To lose that tag, Psychology has to take a step back, do basic research, replicate that research multiple times, think about how to do replicatable new research, and only then start actually letting psychologists do new research to advance science.
Instead of that, unreplicated pseudo-scientific nonsense psychology papers are being used to tell governments how to force us to live our lives.
> Hell, go watch Youtube Chemists who have Phds fail to reproduce old papers. Were those papers fraudulent? No, science is just difficult and failure prone.
Agreed. Lab technique is a thing. There is a reason for the dark joke that in Physics, theorists are washed up by age 30, but experimentalists aren't even competent until age 40.
At the end of the day, people most trust results that validate in multiple datasets. No one really cherry picks one thing and builds off of that or they get slammed in peer review until they come back with sufficient evidence in the literature or through novel experiments.
A lot of things, in fact, do work. Hence, modern science producing so much despite this reproducibility crisis being even worse in decades past.
[dead]
Academia is 90% a scam these days and plenty of the professors involved are criminals. A criminal is someone who commits a crime (or many) [1], before some purist comes to ask "what do you mean?".
The most common crime they commit is fraud, the 2nd. most common one is sexual harassment, while the third one would be plagiarism, although this one might not necessarily be punishable depending on the jurisdiction.
(IMO. I can't provide data on that and I'm not willing to prosecute them personally, if that breaks the deal for you, that's ok to me.)
I know academia like the palm of my hand and have been everywhere around the world, it's the same thing all over. I can speak loudly about it because I'm catholic and have money, so those lowlives can't touch me :D.
Every single time this topic comes up, there's a lot of resistance from "the public" who is willing to go to great lengths to defend "the academics" even though they know absolutely nothing about academic life and their only grasp of it was created through TV and movies.

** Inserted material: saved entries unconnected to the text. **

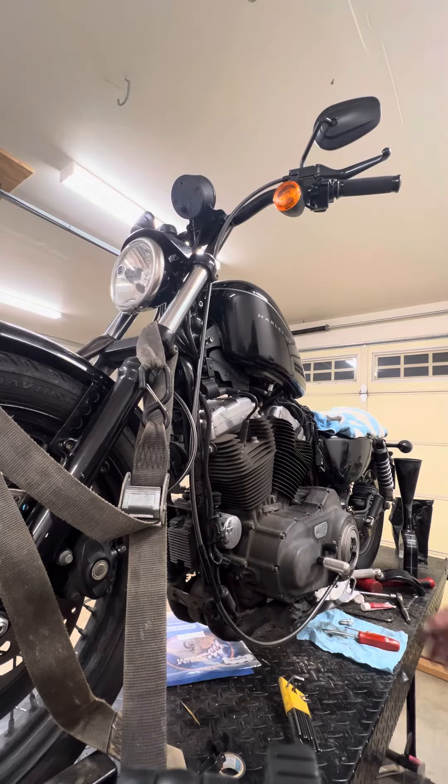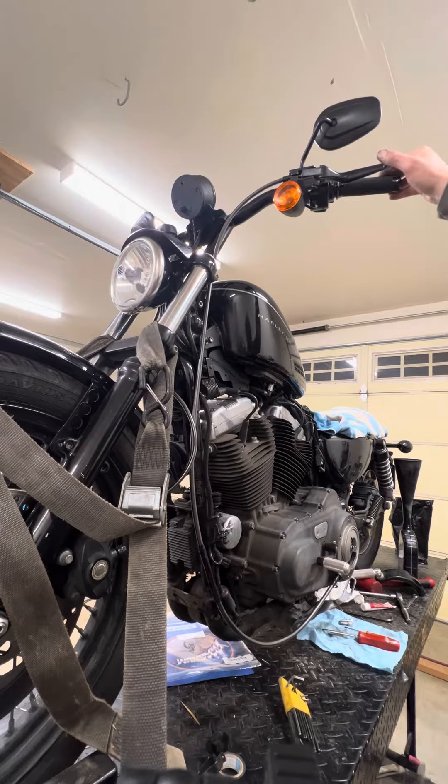Now that you've done your clutch basket adjustment and you're confident in your position, you're going to take your clutch cable and squeeze the clutch lever one, two, three, four more times — however much you like.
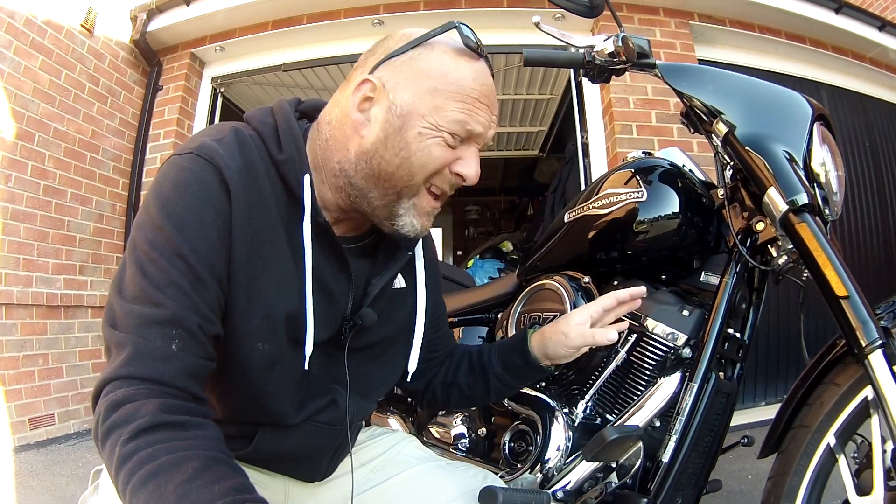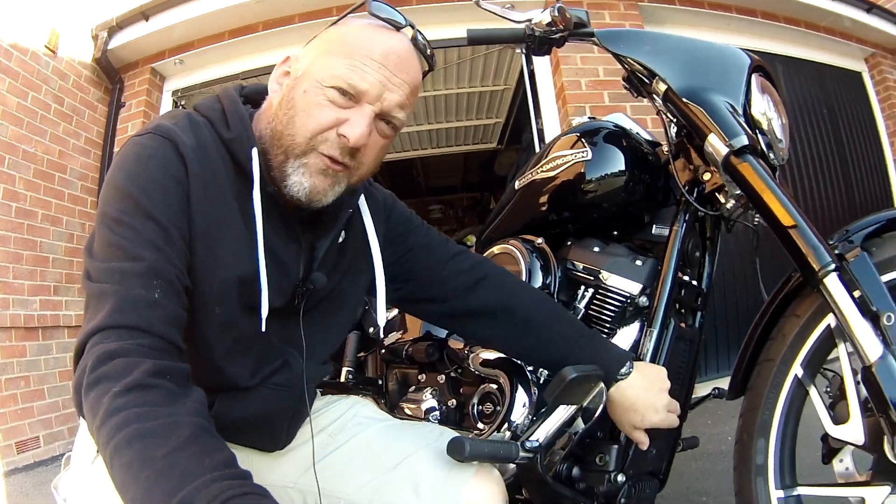How is the engine cooled? We know that Harley Davidson engines are primarily air-cooled. But actually they're assisted in their cooling by oil cooling. And right here at the front of the engine, you have the oil cooler.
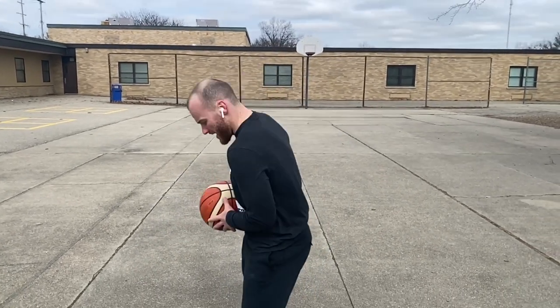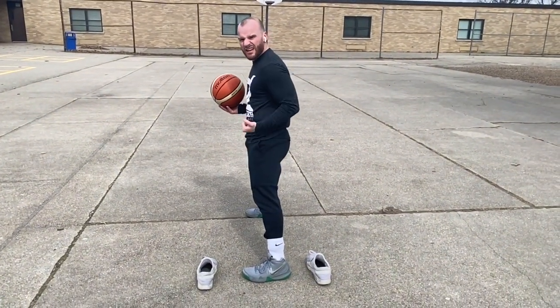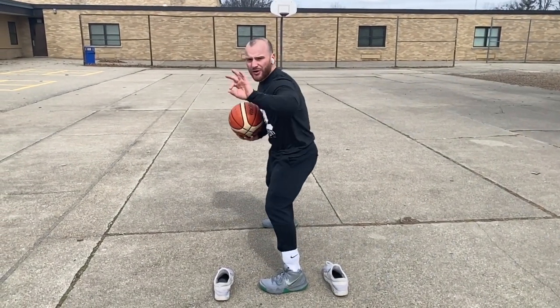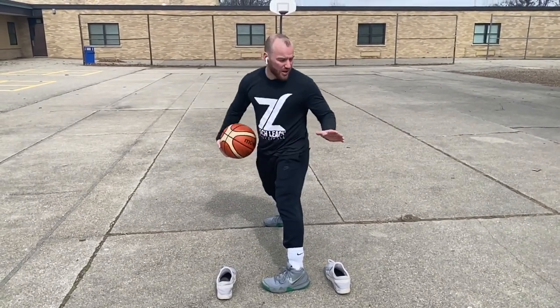Let's check out our jolt cross, changing directions on this, going right to left out of our hip switch. We're going to start the ball in our right hand. Our inside foot right now is our left foot — it's going to start inside of the shoes, just imagining that we have that defender on our inside hip. On our third pound, we're going to hip switch, meeting the ball at that low level for our jolt cross.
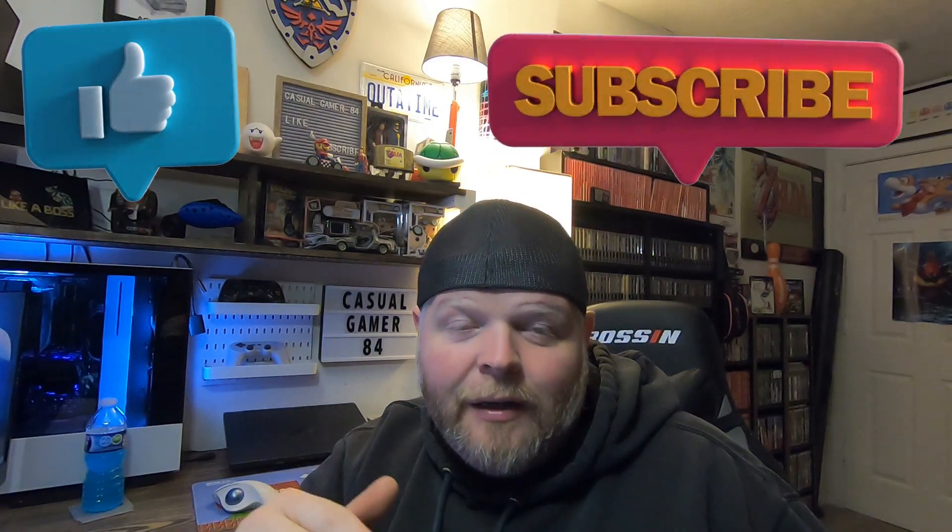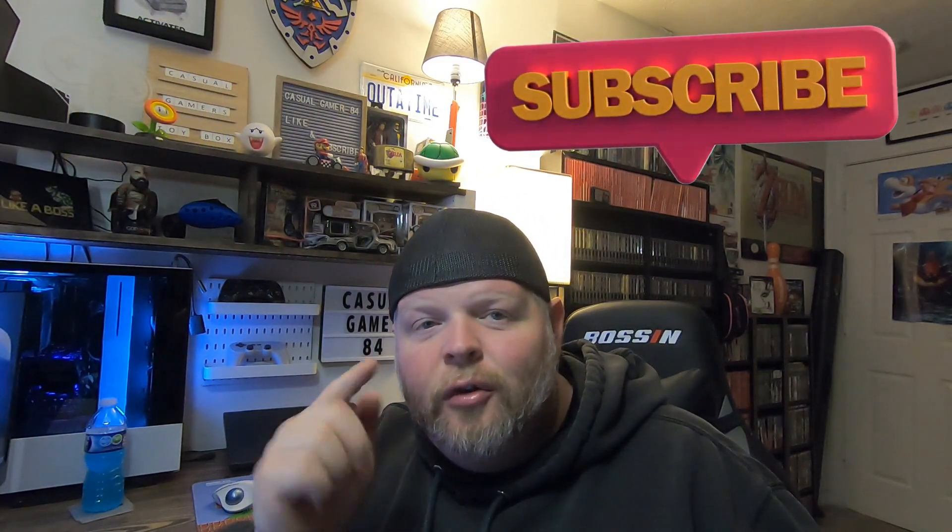Guys, hopefully this video helped you out. If you liked it, hit that like button; if you're not subscribed, hit that subscribe button — I'd really appreciate it. Ring that bell for notifications so you'll know when I post a video. Until next time.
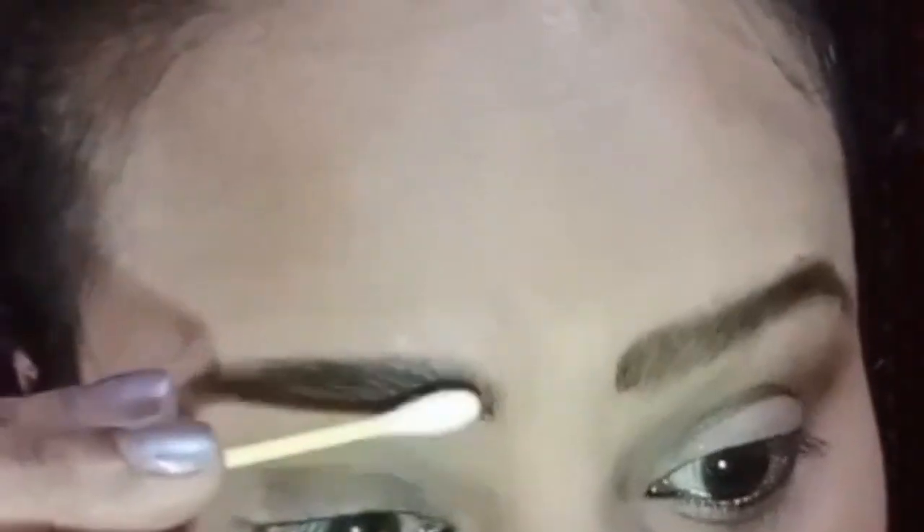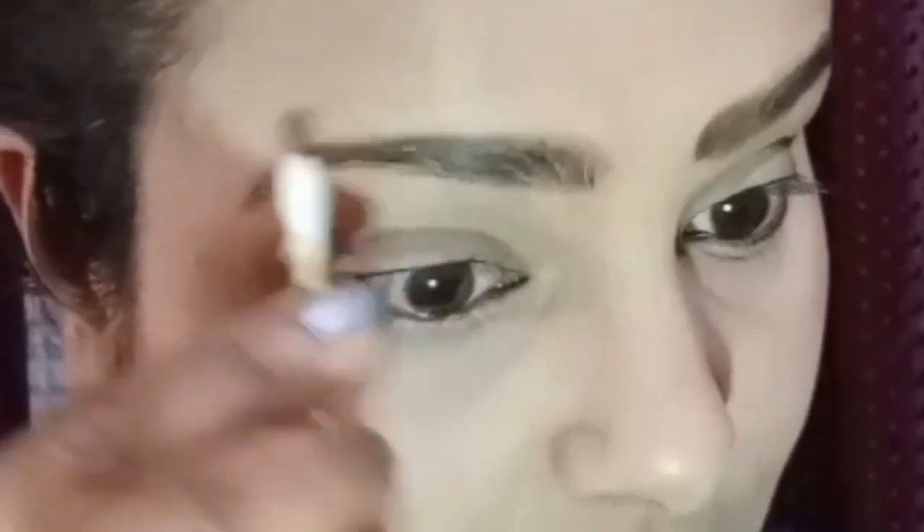For daily basis, this much is sufficient. After that, you can use a Q-tip. If you think there is excess product on your eyebrows, you can clean it up. Then you can see the eyebrows look quite natural. Now you can see my eyebrows — they are light, which is why this technique makes a difference.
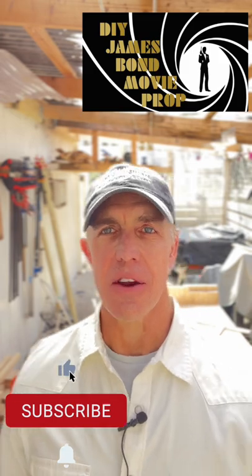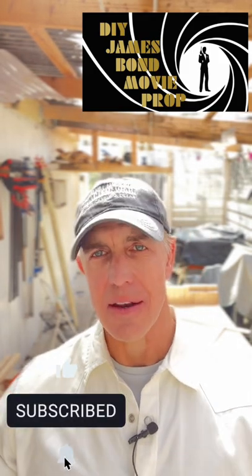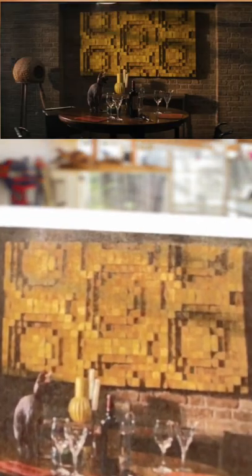A fun project this week. In a prior full-length video, I did a SketchUp of a James Bond movie prop — the SketchUp looks like that, and it's got different heights in there. The actual prop in the movie looks like that. I don't know if you can see it or not, but that was in Q's apartment in 'No Time to Die.'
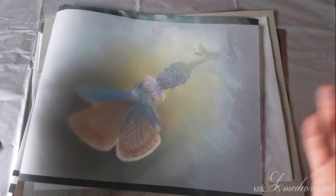I hope you found this useful. If you know any other ways of storing pastel paintings, I'd love to hear them as well. Thank you so much for watching and I'll see you in the next video. Bye!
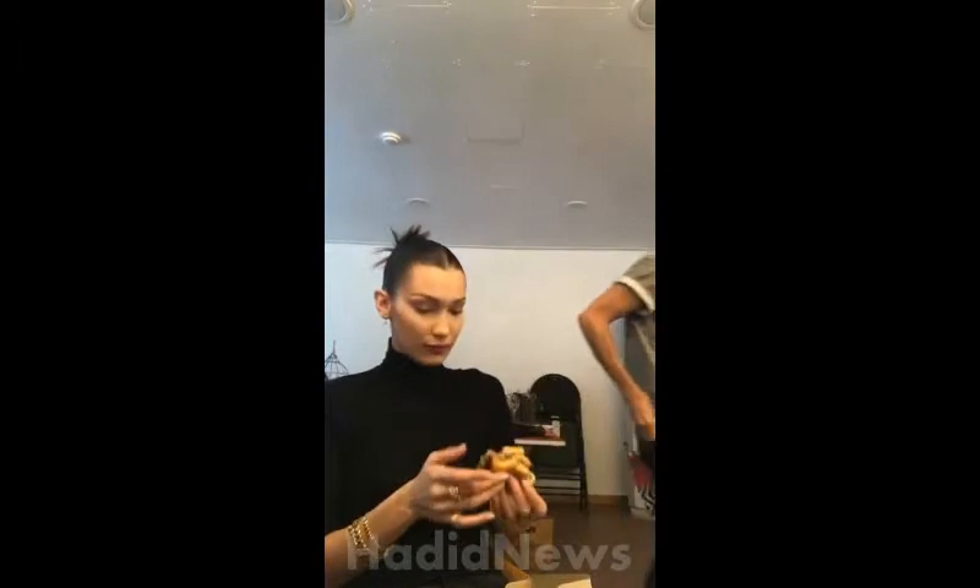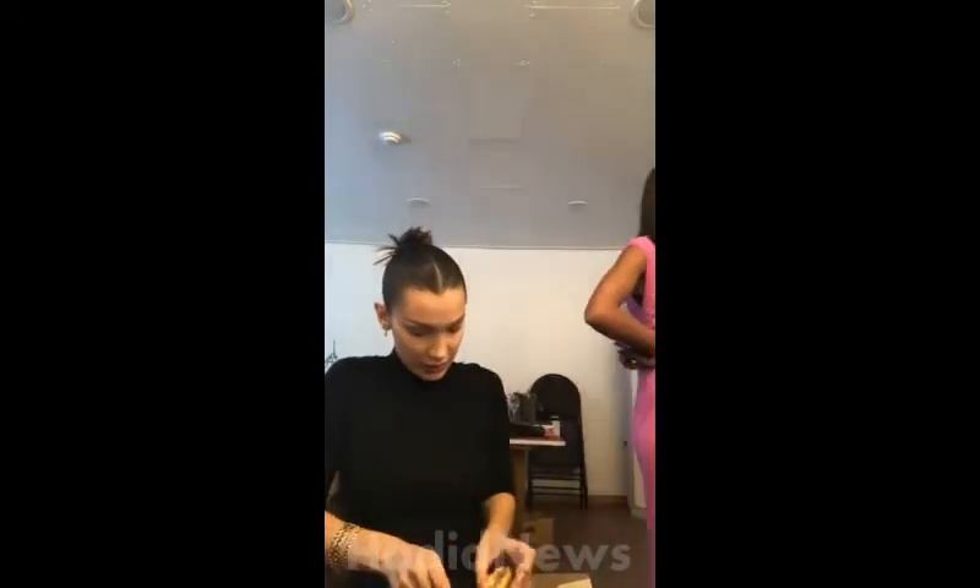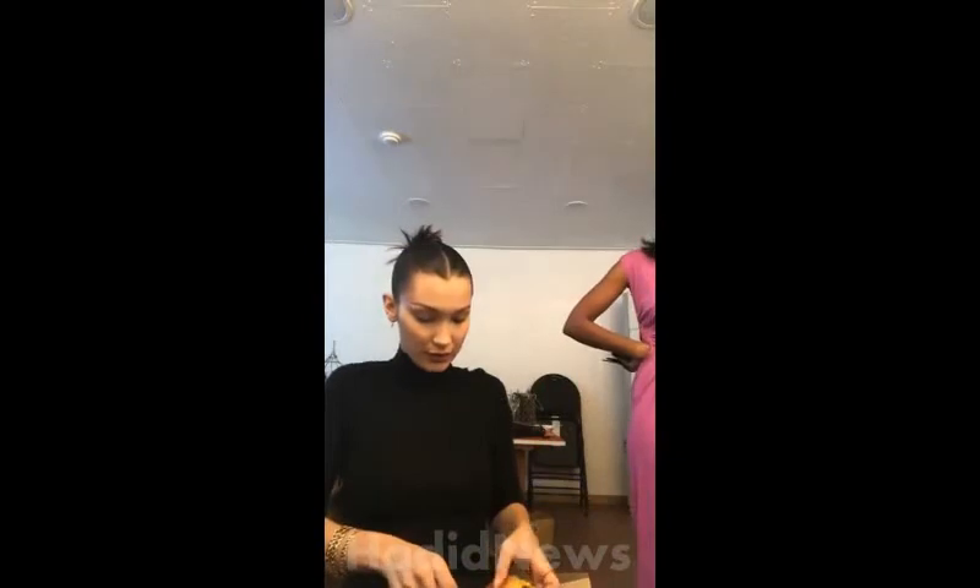Thank you, thank you. Are they ready downstairs? Wow, I feel like literally a new person. Look — the ones that I have look like this. Wow, I feel like a new person.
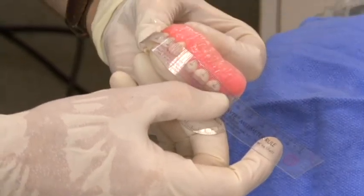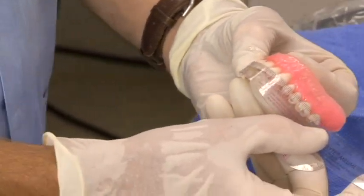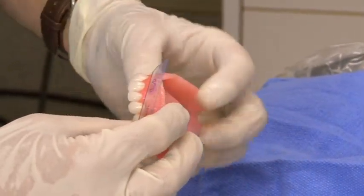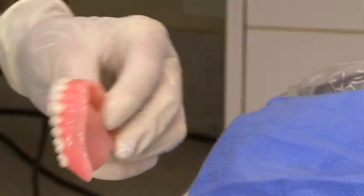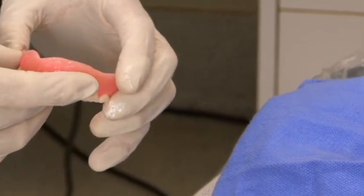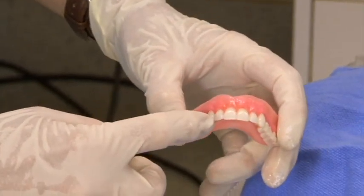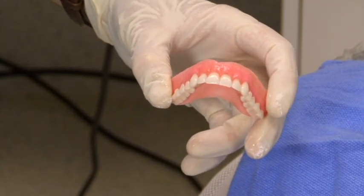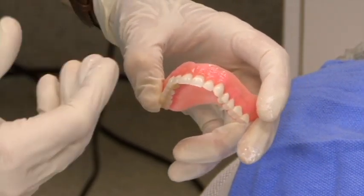If I measure the width of the six anteriors, we're right at 50, and I think our original measurement was 51. We changed out the laterals a little bit and altered the shape of them. That's one of the nice things about a Crea Pearl tooth — you can change the shape of it without losing the color.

Anyone who has been involved in Academia for more than like 2 years can tell you the exact same thing. That doesn't mean they're also rotten, I'm just saying they've seen all these things taking place around.
We should really move the overton window around this topic so that scientists are held to the same public scrutiny as everybody else, like public officials, because btw. 9 out of 10 times they are being funded by public money. They should be held accountable, there should be jail for the offenders.
1: https://dictionary.cambridge.org/dictionary/english/criminal
If they had just used NixOS, reproducibility would be less of a problem!
I find it bizarre that people find this problematic.
Even Einstein tried to find flaws in his own theories. This is how science should actually work.
We need to actively try and falsify theories and beliefs. Only if we fail to falsify, the theories should be considered valid.
If scientific studies aren’t reproducible with the reported confidence, it fails as science.
It would be worse if the experiments were not even falsifiable, yes.
But it’s pretty damn bad when the conclusion of the original study can never be confirmed when once in a rare min they try.
I am not saying we should be happy about the results.
I am saying we should be happy that the scientific method is working.
These studies didn’t try to find theories, they tried to find results.
In your example, it’s the same as someone publishing a paper that disproves Relativity - only for us to find that the author fabricated the data.